Je décide donc d’aller le lendemain au commissariat de police pour déposer plainte, afin qu’il y ait une trace et que cette agression soit comptabilisée, mais également pour être informée si des démarches peuvent être engagées pour retrouver l’agresseur. Au commissariat, après avoir déclaré à l’accueil que je souhaite déposer plainte pour agression sexiste, je suis accueillie par un fonctionnaire de police -à nouveau un homme-. Il écoute ma situation, me pose quelques questions auxquelles je réponds, il prend note. À aucun moment il ne m’informe de mes droits, de la différence entre un dépôt de plainte et une main courante, des différents types de qualification des faits en fonction de ce qui m’est arrivé. Je ressors du commissariat une dizaine de minutes plus tard avec une main courante pour injures.
Plus de dépôt de plainte, pas de mention d’agression ni encore moins du caractère sexiste de l’agression. Quelles sont les raisons qui peuvent expliquer cela ? Je ne peux faire ici que des suppositions : mauvaise interprétation de la loi par le fonctionnaire de police, classement en main courante pour éviter d’ouvrir une information judiciaire qui engorgerait encore davantage des services déjà saturés, point de vue masculin ayant tendance à minimiser les faits...
La scène vécue correspondait cependant bien à une agression ayant fait l’objet d’injure verbale à caractère sexiste. J’aurais sans doute pu porter plainte au vu de la Loi n° 2018-703 du 3 août 2018 renforçant la lutte contre les violences sexuelles et sexistes.

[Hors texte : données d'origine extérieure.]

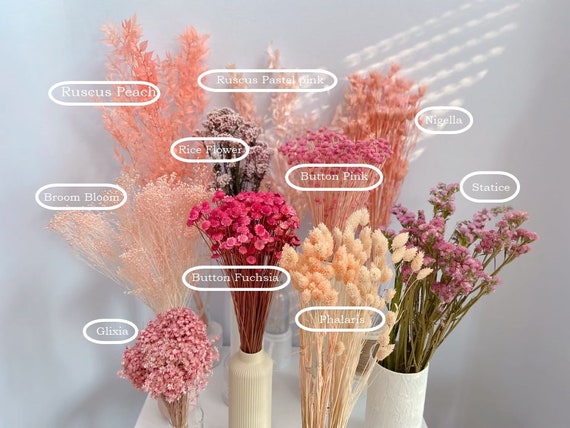 Dry Flower Bouquet in Pink Tones, Pampas, Lagurus and Co, Dry Grass and  Flowers for Arrangements, DIY Dry Flower Suppy, Flower Bouquets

La réalité a été toute autre1.
Le récit des différentes étapes de cette scène d’agression ordinaire met en évidence l’ensemble des dimensions structurelles qui contribuent à invisibiliser l’ampleur des agressions faites aux femmes : délais de prescription, erreur dans la qualification des plaintes, manque d’accompagnement…
À l’évidence, les moyens mis en place pour lutter contre les violences faites aux femmes dans les transports en commun comme ailleurs sont encore bien insuffisants voire défaillants, et contribuent à ce que perdurent les violences structurelles dont elles font l’objet. Il est urgent d’y remédier.
1 Voir plus en détail les termes juridiques définissant les types d’injures ici, ainsi que la loi renforçant la lutte contre les violences sexuelles et sexistes ici.